### Exercise objective
Down to the last line, repeat the entries exactly and drop any image.

*** Opening of Source records ***

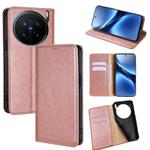 For vivo X200 Pro 5G Gloss Oil Solid Color Magnetic Leather Phone Case(Rose Gold)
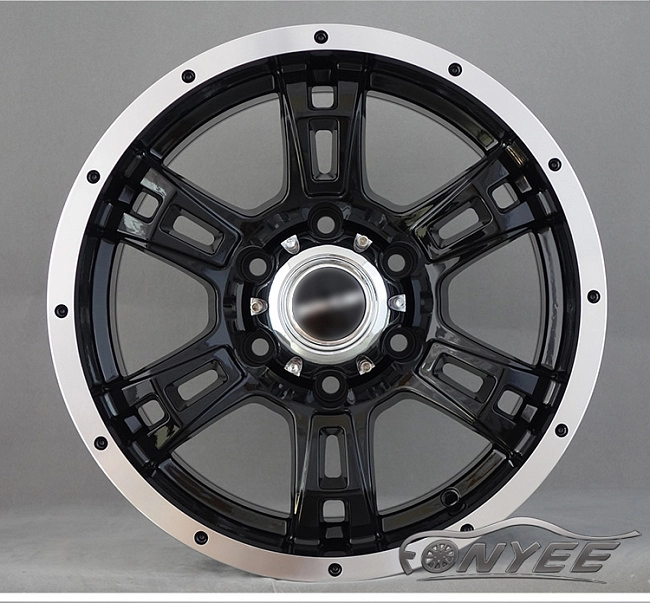 картинка Новые диски Powcan модель 8 R16 J8 ET-15 6x139,7 черный глянец + серебро магазин  StreetTuning 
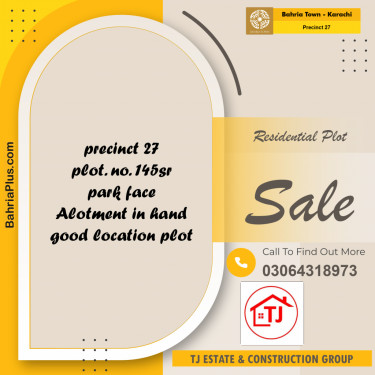 Residential Plot for Sale in Precinct 27 -  Bahria Town, Karachi - (BP-155193)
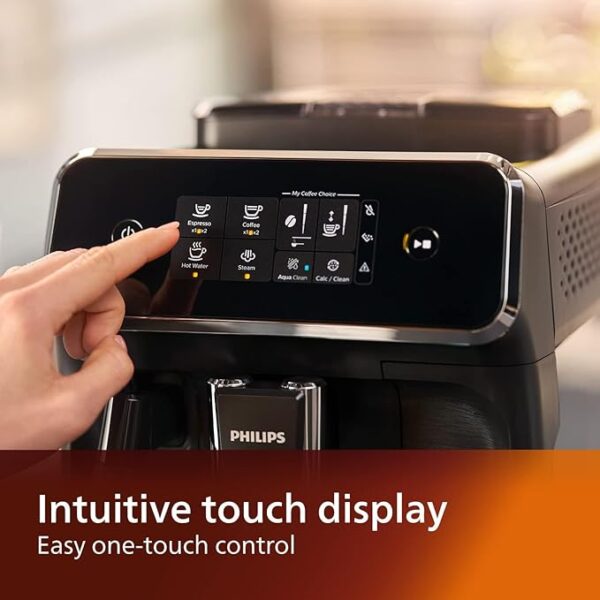 Philips Expresso Coffee Machine 1500W 1.8L Water Tank, Fully Automatic Espresso with Milk Frother. Dual Beverages options. Touch Display EP2220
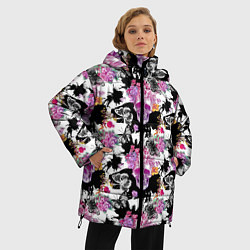 Куртка зимняя женская Череп бохо, цвет: 3D-черный — фото 2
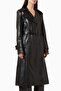 Black Size Coat - Faux Leather - 100% Polyester - Stylish Design with Adjustable Belt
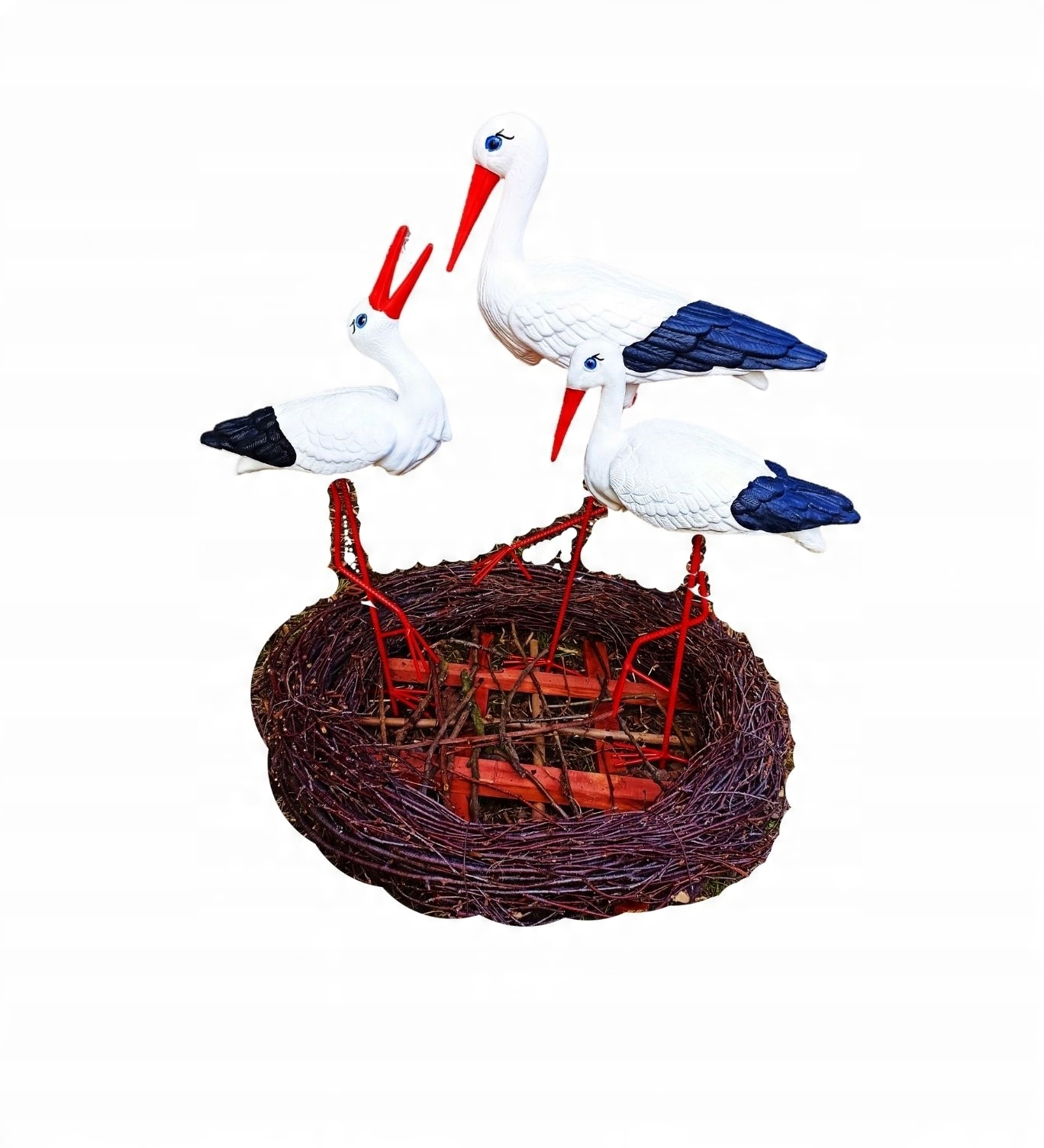 

Figura ogrodowa ozdobna 3 Bociany+gniazdo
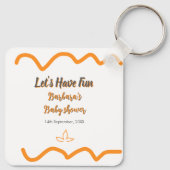 オレンジ色のレトロスペインのな赤ちゃんシャワーモダン キーホルダー (裏面)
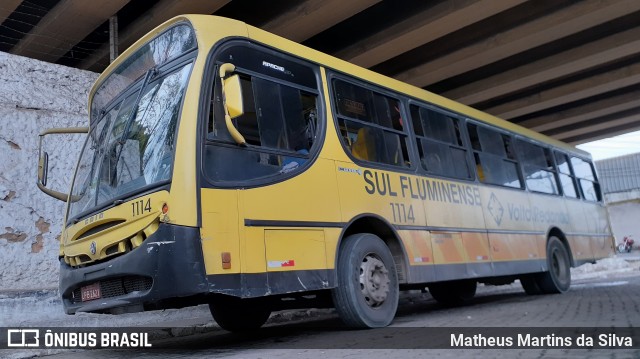 Viação Sul Fluminense 1114 na cidade de Volta Redonda, Rio de Janeiro, Brasil, por Matheus Martins da Silva. ID da foto: 8299099.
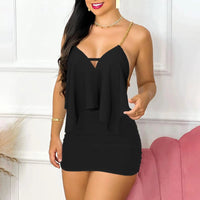 Womens Dresses Summer Fashion Floral Print Asymmetrical Chain Strap Sexy Backless V-Neck Sleeveless Bodycon Mini Dress Sets 2025 Good Vibrations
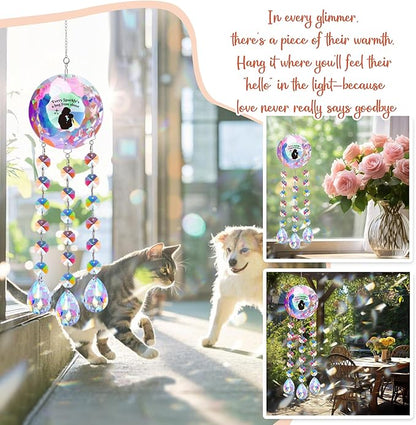 Suncatcher Crystal Memorial Gifts Decor for Loss Mom Daughter Grandma - Every Sparkle’s a Hug from Above, Prism Beads Sympathy Gift for Loss of Mother, Memorial Gifts for Loss of Mom
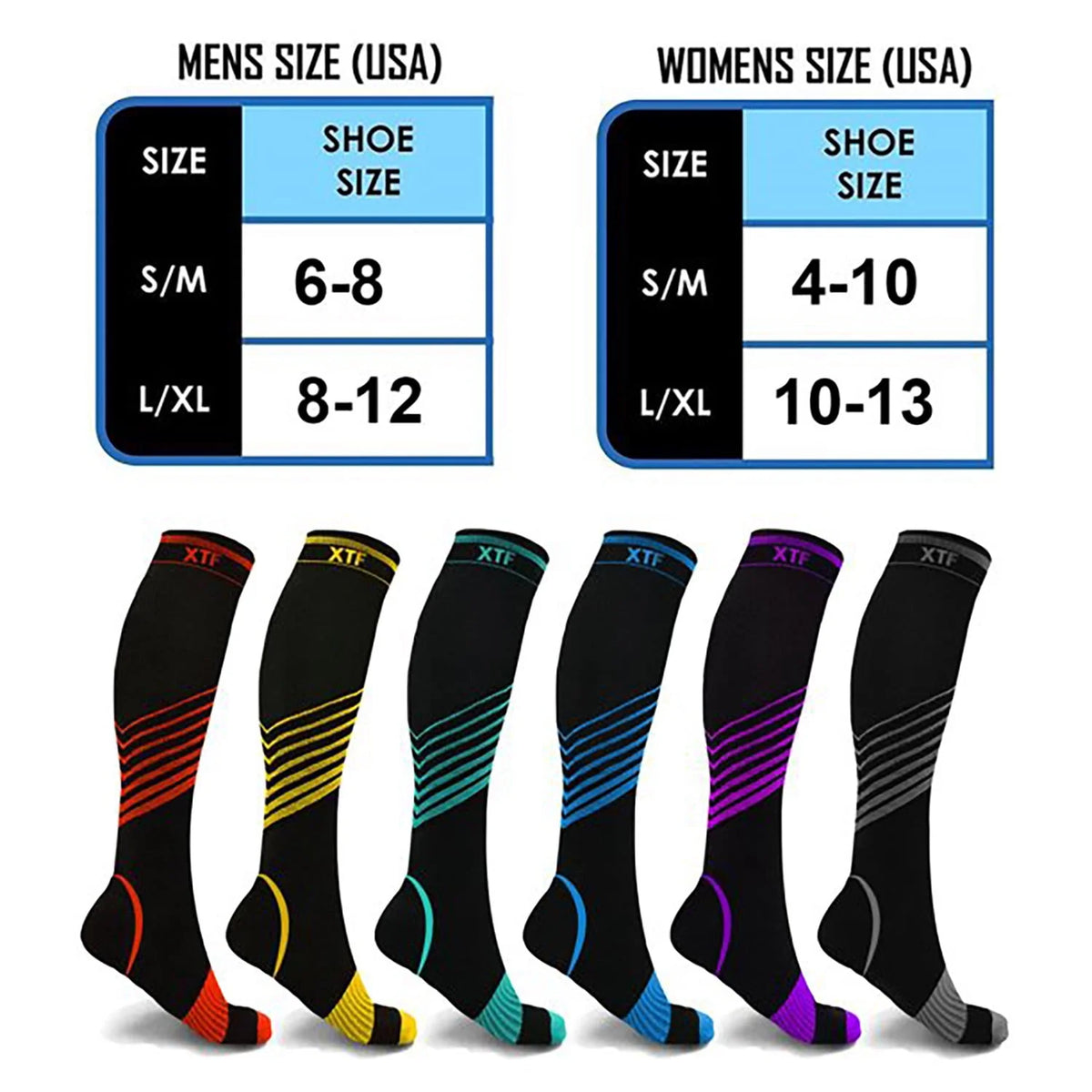 6-Pair Knee High Sport Compression Socks N8691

*** Close of Source records ***

### Output of the task
 For vivo X200 Pro 5G Gloss Oil Solid Color Magnetic Leather Phone Case(Rose Gold)
 картинка Новые диски Powcan модель 8 R16 J8 ET-15 6x139,7 черный глянец + серебро магазин  StreetTuning 
 Residential Plot for Sale in Precinct 27 -  Bahria Town, Karachi - (BP-155193)
 Philips Expresso Coffee Machine 1500W 1.8L Water Tank, Fully Automatic Espresso with Milk Frother. Dual Beverages options. Touch Display EP2220
 Куртка зимняя женская Череп бохо, цвет: 3D-черный — фото 2
 Black Size Coat - Faux Leather - 100% Polyester - Stylish Design with Adjustable Belt

Figura ogrodowa ozdobna 3 Bociany+gniazdo
 オレンジ色のレトロスペインのな赤ちゃんシャワーモダン キーホルダー (裏面)
 Viação Sul Fluminense 1114 na cidade de Volta Redonda, Rio de Janeiro, Brasil, por Matheus Martins da Silva. ID da foto: 8299099.
 Womens Dresses Summer Fashion Floral Print Asymmetrical Chain Strap Sexy Backless V-Neck Sleeveless Bodycon Mini Dress Sets 2025 Good Vibrations
 Suncatcher Crystal Memorial Gifts Decor for Loss Mom Daughter Grandma - Every Sparkle’s a Hug from Above, Prism Beads Sympathy Gift for Loss of Mother, Memorial Gifts for Loss of Mom
 6-Pair Knee High Sport Compression Socks N8691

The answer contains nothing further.